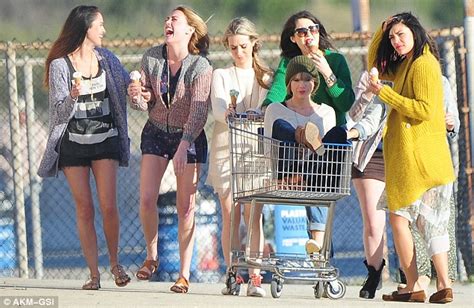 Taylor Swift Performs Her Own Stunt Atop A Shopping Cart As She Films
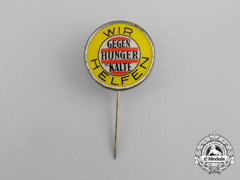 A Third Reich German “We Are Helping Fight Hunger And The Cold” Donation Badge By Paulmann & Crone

...

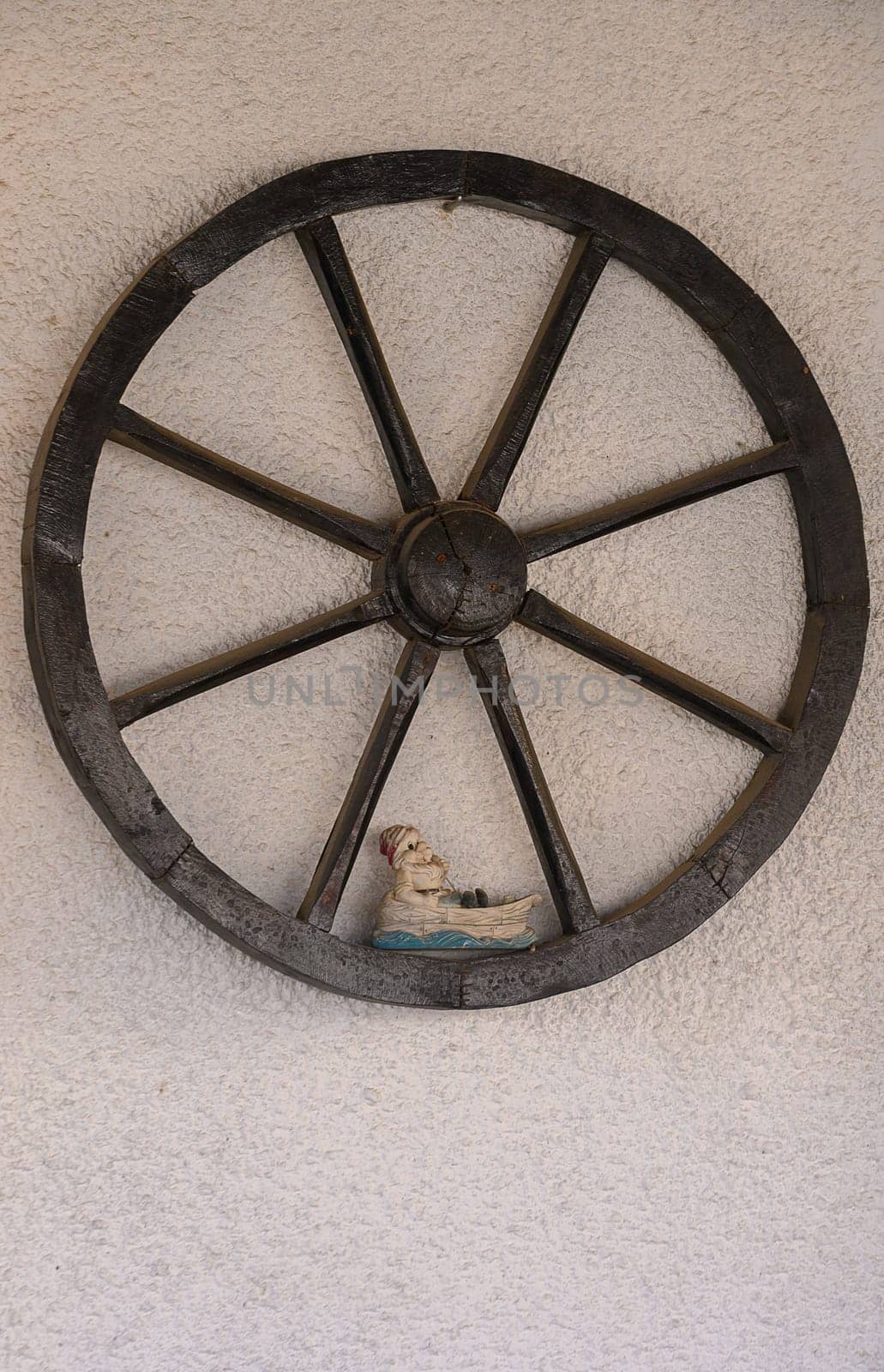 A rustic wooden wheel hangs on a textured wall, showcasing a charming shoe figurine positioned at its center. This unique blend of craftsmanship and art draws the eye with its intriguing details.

WORK TASK.
Working from the records above, set down word for word everything from the line containing "Taylor Swift Performs" down to the line containing "A Third Reich", ends included, minus the pictures.

EXERCISE OUTPUT.
 Taylor Swift Performs Her Own Stunt Atop A Shopping Cart As She Films
 A Third Reich German “We Are Helping Fight Hunger And The Cold” Donation Badge By Paulmann & Crone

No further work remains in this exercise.